Enfant, j'aimais dessiner.
Les adultes me punissaient, ils ont fait tout leur possible pour que j'abandonne ce vice, d'une certaine manière,
parce qu'au lieu d'être attentif en classe, je dessinais.
J'ai réussi à canaliser tout ça et, à un moment donné, ce pour quoi je me faisais punir est devenu mon mode de vie.
Je travaille pour la Maison des Amériques,
une institution chargée de promouvoir l'activité culturelle en Amérique Latine.
Je travaille aussi comme professeur à l'Institut Supérieur du Design,
où je donne des cours d'illustration et d'affichage.
L'enseignement, c'est...
quelque chose dont je ne pourrais pas me passer,
je crois que c'est dû à mon attitude face à la vie qui consiste à enseigner
et à éduquer les gens, généralement plus jeunes que moi,
je ne peux pas m'en empêcher.
Je travaille pour des institutions culturelles, je fais des illustrations pour enfants, des illustrations pour des publications,
du graphisme pour communiquer
et des illustrations pour m'exprimer à titre personnel, parce que, quand je fais du graphisme,
je ne suis qu'un intermédiaire entre le récepteur du message et celui qui veut l'émettre.
Je ressens le besoin de m'exprimer, moi aussi, et c'est un peu pour ça que je travaille dans l'illustration et le dessin.

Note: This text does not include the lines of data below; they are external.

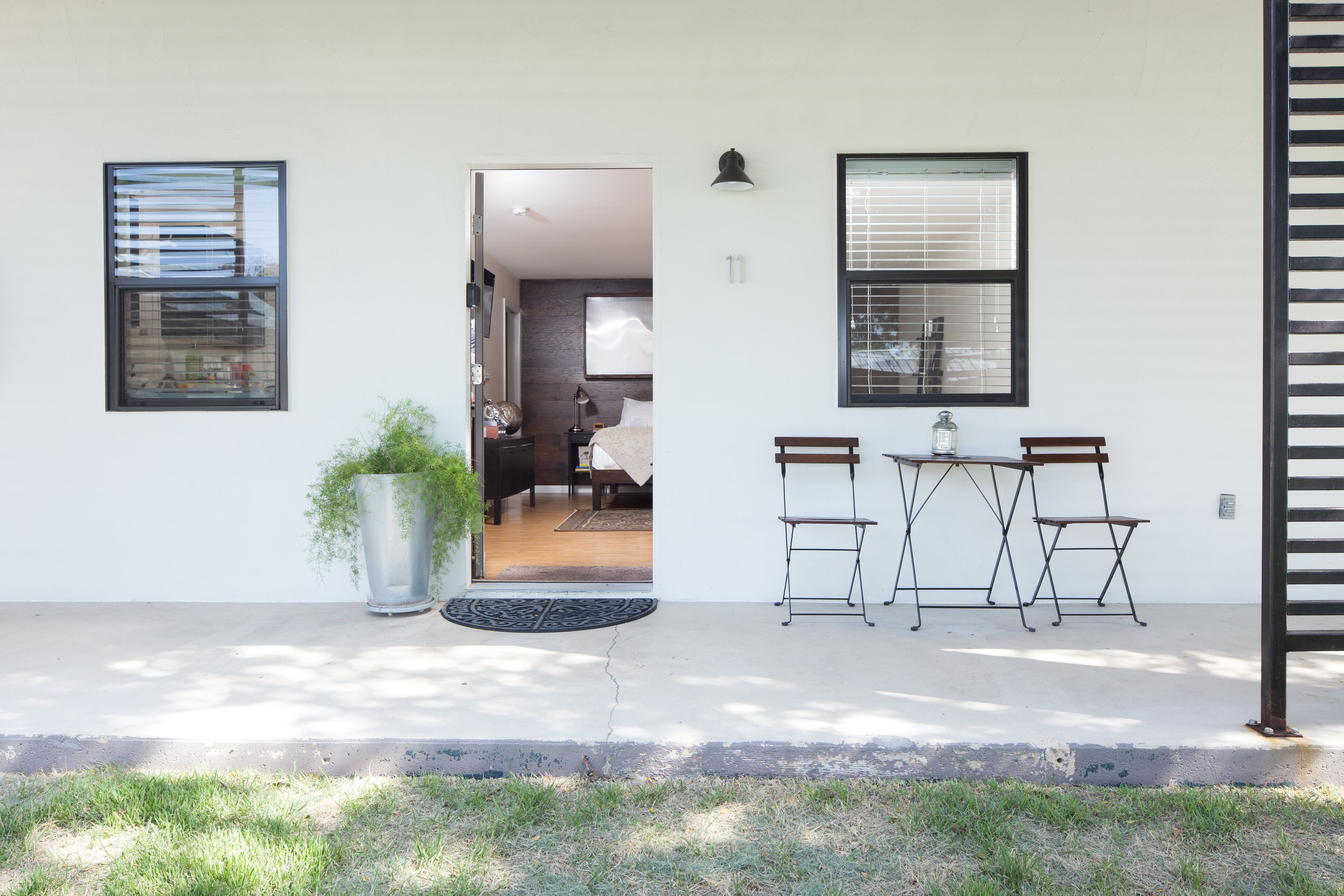 A modern house with a front door, a small patio with a table and chairs, and a potted plant.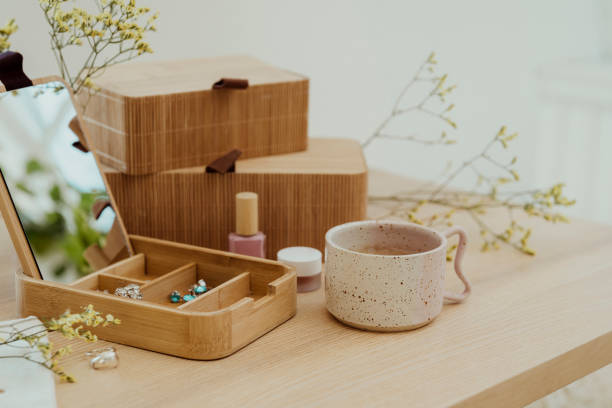 Modern still life at home jewelry box in wood make up and coffe cup stock photo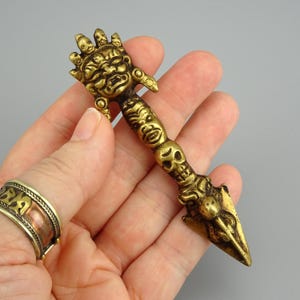 May include: A detailed brass ritual dagger with a hand-shaped top, faces, and a skull. The dagger is held in a hand, and a brass ring is visible on the finger. The dagger has a pointed end.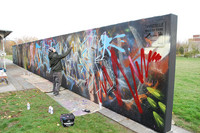Ein Mann besprüht eine bunte Graffitiwand.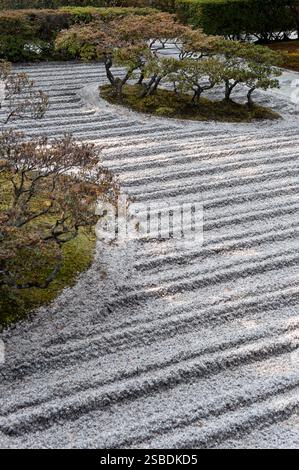 Island group of moss and shrubs sits amid a sea of raked white sand in a linear geometric pattern at Ginkakuji Zen Buddhist Temple, Kyoto, Japan. Stock Photo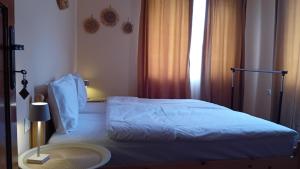 a bedroom with a white bed with a window at Holiday guest house KEMO in Sapareva Banya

Le graphiste a la possibilité de mettre un peu de lui dans ses dessins, de ses inquiétudes,
de ce qui l'impressionne, de ce qui le touche,
de ce qui fait partie de lui-même, de sa culture visuelle.
Je crois que j'arrive donc à m'exprimer.
J'ai fait une affiche en 99 pour “Vampires à La Havane”,
un film d'animation très connu de Juan Padrón.
C'était une idée de Sara Vega. C'est elle qui a fait faire des affiches de films qui existaient déjà
et qui avaient déjà une affiche qu'un maestro du moment avait conçue.
C'était bien, cette confluence, qu'un même film ait deux affiches.
J'ai donc travaillé sur une affiche pour ce film qui en avait déjà une dessinée par Muñoz Bach, un graphiste que j'admire beaucoup.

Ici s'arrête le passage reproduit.